- [Data extracts]
::::::

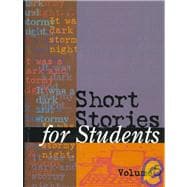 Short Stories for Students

::::::

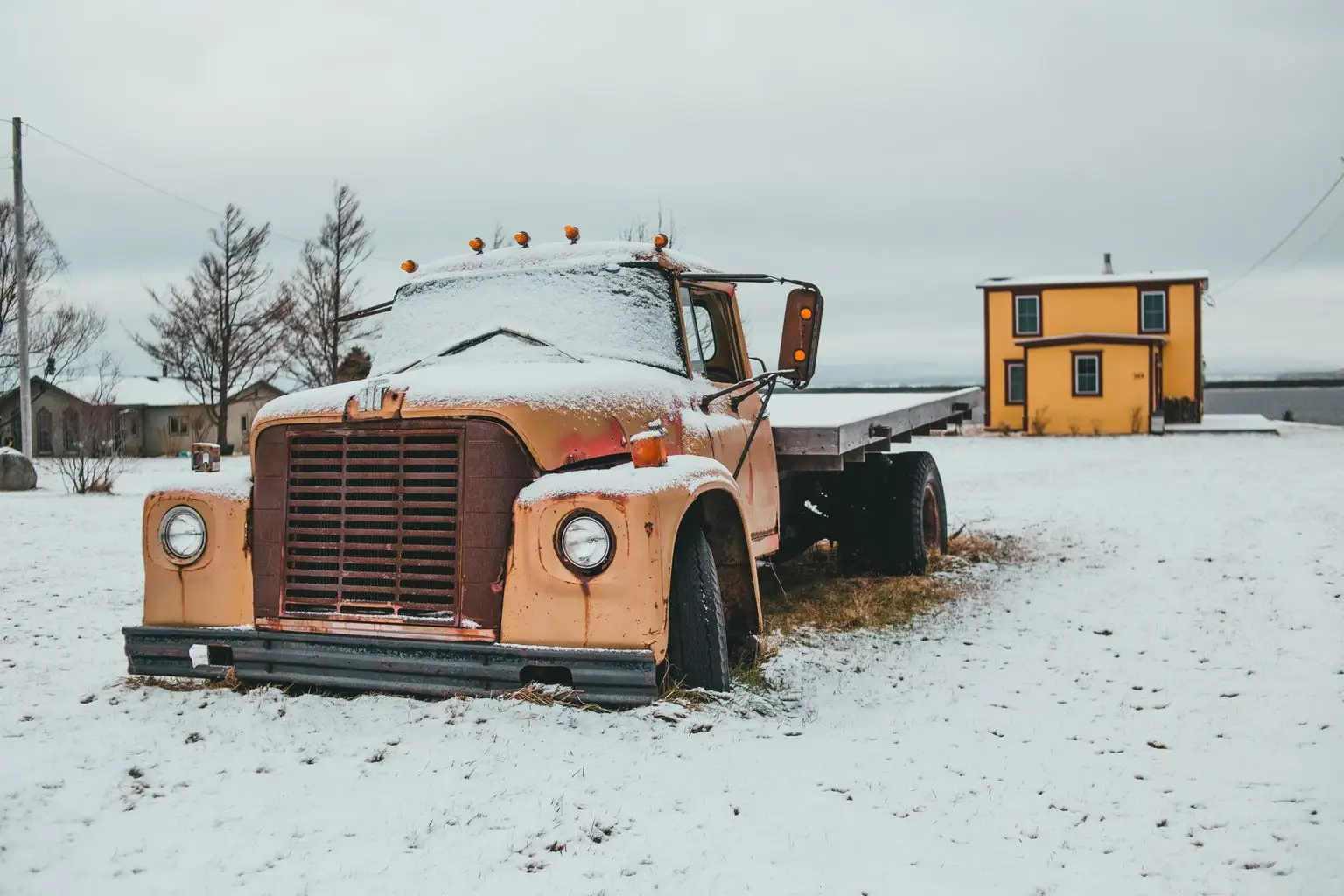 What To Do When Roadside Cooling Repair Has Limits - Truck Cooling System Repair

::::::

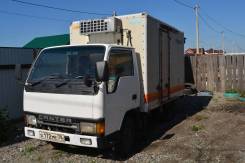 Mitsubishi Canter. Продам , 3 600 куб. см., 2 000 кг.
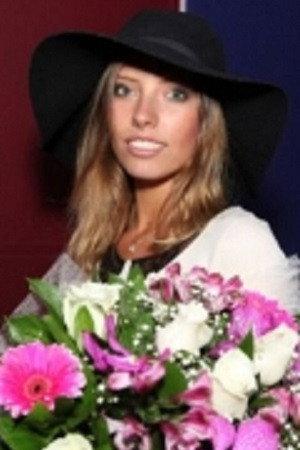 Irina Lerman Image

::::::

- [Required action] Going by the entries above, repeat exactly the lines that start at the line with "Mitsubishi Canter. Продам" and go on through the line with "Irina Lerman Image". Pictures are not part of the copy.

- [Answer for the task]
 Mitsubishi Canter. Продам , 3 600 куб. см., 2 000 кг.
 Irina Lerman Image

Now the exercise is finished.